-------- The records --------
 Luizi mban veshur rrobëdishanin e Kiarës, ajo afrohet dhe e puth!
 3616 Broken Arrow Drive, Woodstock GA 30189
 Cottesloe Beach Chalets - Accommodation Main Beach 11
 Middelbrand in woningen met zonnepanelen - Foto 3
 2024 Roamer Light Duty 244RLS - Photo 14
--------
Directions for this task —
A verbatim copy of the listing above, starting from the line with "3616 Broken Arrow Drive, Woodstock GA 30189" and running to its last line, is the only output needed.

Output for this exercise —
 3616 Broken Arrow Drive, Woodstock GA 30189
 Cottesloe Beach Chalets - Accommodation Main Beach 11
 Middelbrand in woningen met zonnepanelen - Foto 3
 2024 Roamer Light Duty 244RLS - Photo 14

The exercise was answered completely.